Tommy Nigbor is a self-taught fine art photographer based in northern Wisconsin. He works in extreme winter conditions, blizzards, sub-zero temperatures, and deep night, using long exposure and handheld light painting to photograph objects that have lost their original function. His work unfolds in three chapters. Erasure Day uses fog and storm to strip the visible world to its threshold. Erasure Night uses restrained light painting to pull isolated objects out of absolute darkness. Remains documents what survived, either scarred by the damage or stripped down to something purer.
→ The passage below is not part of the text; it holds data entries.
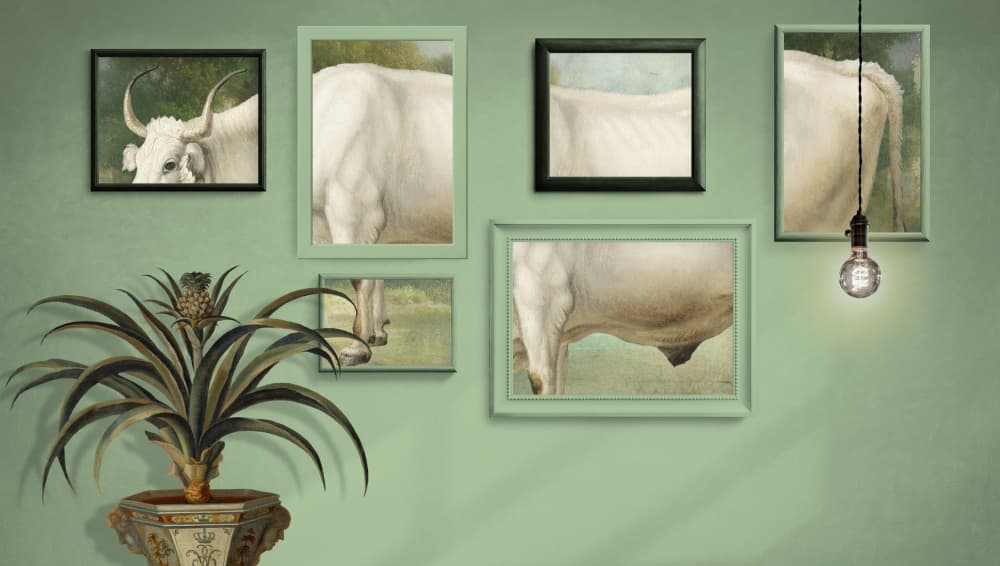 Study of Cow by Marja van den Hurk — canvas wall art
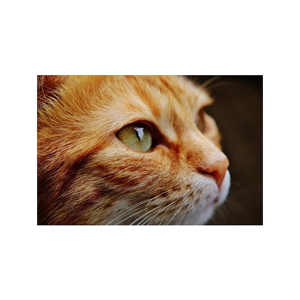 Tištěný obraz - Kočičí oči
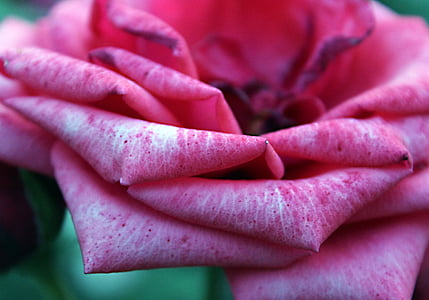 naik, merah muda, bunga, bunga mawar, mawar merah muda, kelopak, Close-up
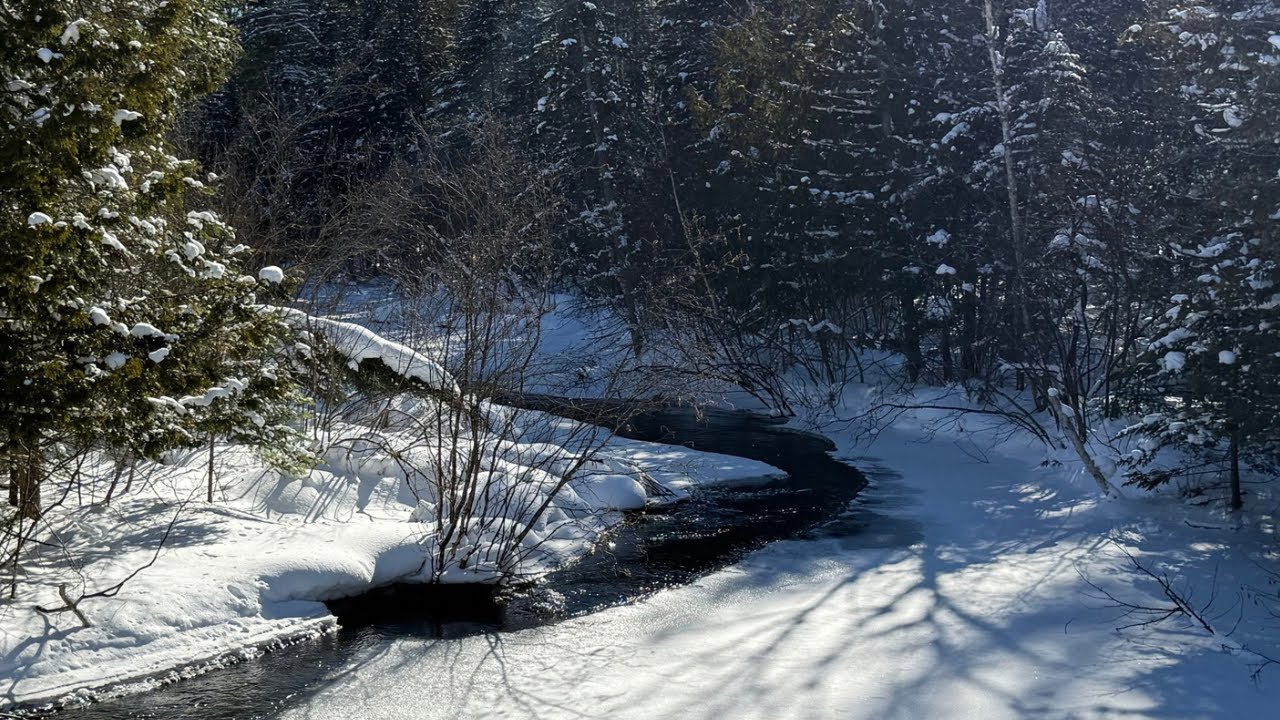 Another Day in the Cold | Winter Jeep Exploring Michigan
All images are single-exposure, in-camera, with no compositing
Recognition
Editor's Choice, Minimalist Photography Awards
Honorable Mention, Minimalist Photography Awards
Nominee, People's Vote Award, Minimalism Category, reFocus Black and White Photo Contest 2026
Honorable Mention, After Dark, Night, Sky, and Shadow, PhotoPlace Gallery, Middlebury, Vermont, Juror: Lance Keimig. Selected for physical exhibition, July 2026.
Selected, Open Call: A Celebration of Contemporary Photography, PhotoPlace Gallery, Middlebury, Vermont, Jurors: Paula Tognarelli & Zach Hoffman. Selected for physical exhibition, August 2026.
Juried Exhibition, Praxis Photo Center, Minneapolis
Honorable Mention, Pablo Center at the Confluence, Eau Claire, Wisconsin
Artist Statement
I photograph objects that have lost their original purpose and become something stranger. Manmade or natural, it makes no difference. Not what they once were, not yet what they are becoming, but suspended between the two.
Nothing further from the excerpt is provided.